Task directions :: For the material below, the expected output is exactly the lines between the line holding "ICA Supermarket reklamblad" and the line holding "Loewe Small Puzzle", inclusive, with pictures left out.

Input data ::
* * * * *

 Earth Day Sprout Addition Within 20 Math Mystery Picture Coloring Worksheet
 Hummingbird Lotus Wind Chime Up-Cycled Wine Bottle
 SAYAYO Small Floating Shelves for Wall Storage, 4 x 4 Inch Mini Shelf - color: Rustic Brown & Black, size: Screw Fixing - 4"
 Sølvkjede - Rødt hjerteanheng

* * * * *

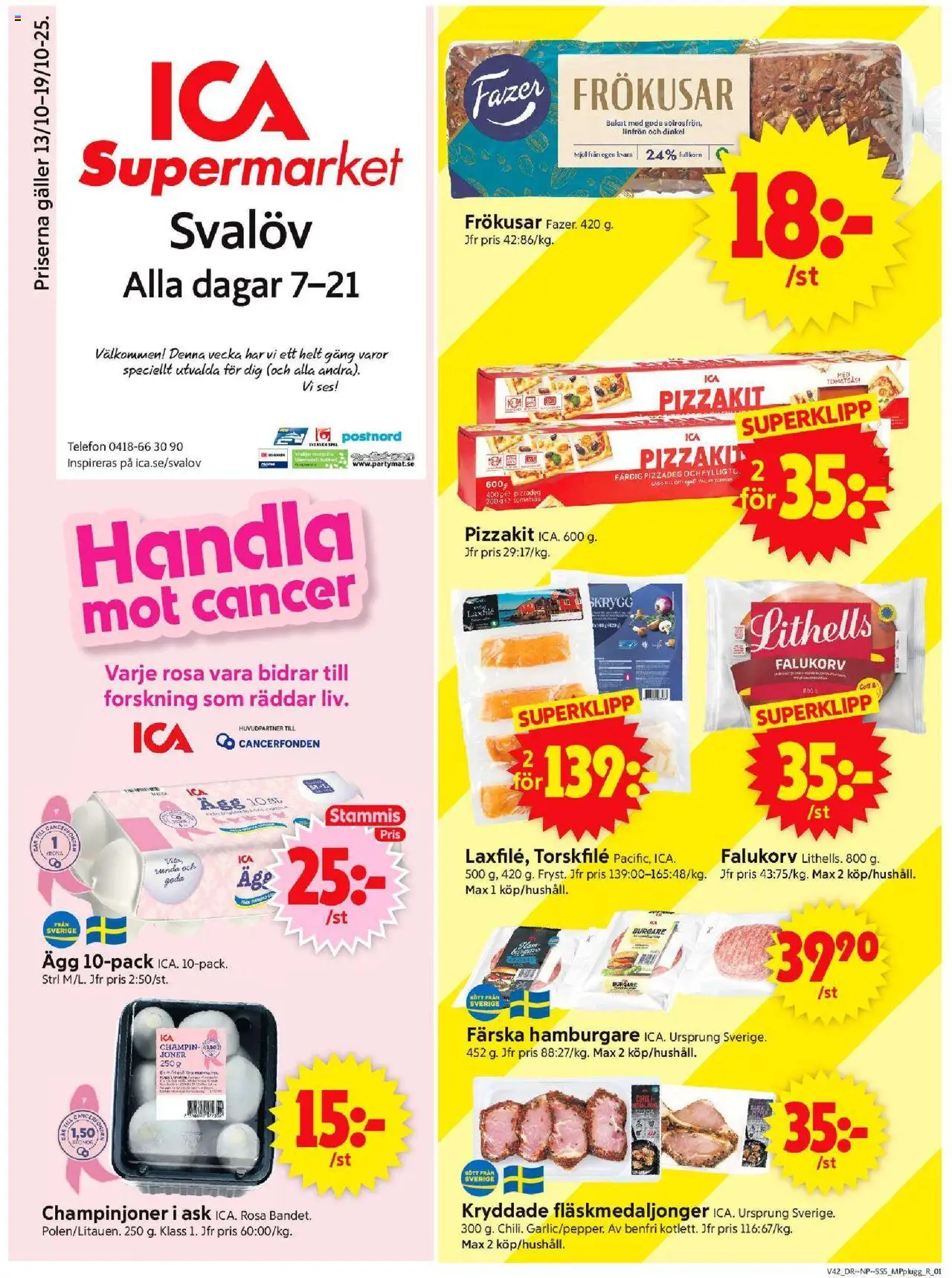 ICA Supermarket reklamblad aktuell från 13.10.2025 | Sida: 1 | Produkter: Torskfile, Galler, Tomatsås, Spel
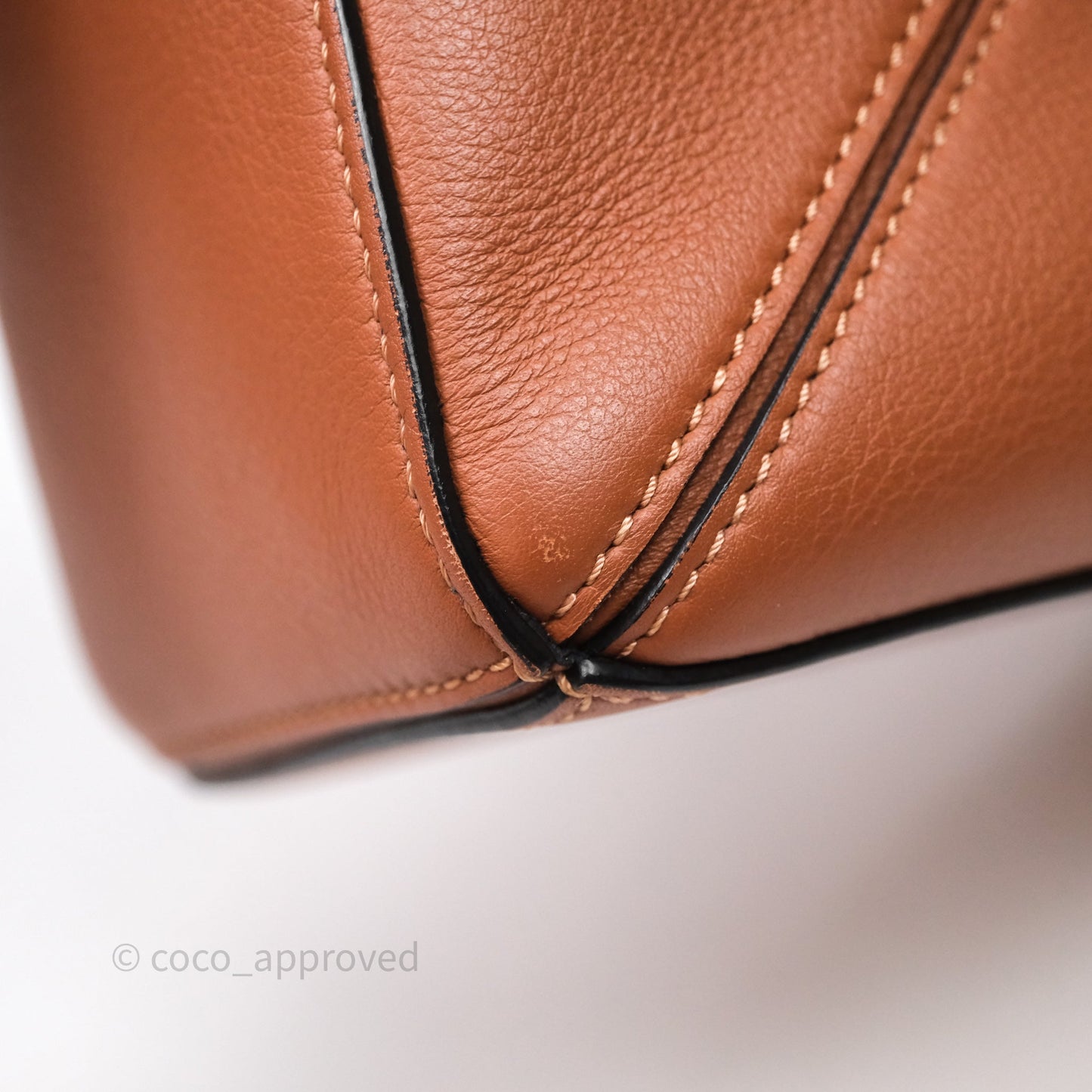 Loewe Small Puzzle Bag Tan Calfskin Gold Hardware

* * * * *

Exercise answer ::
 ICA Supermarket reklamblad aktuell från 13.10.2025 | Sida: 1 | Produkter: Torskfile, Galler, Tomatsås, Spel
 Loewe Small Puzzle Bag Tan Calfskin Gold Hardware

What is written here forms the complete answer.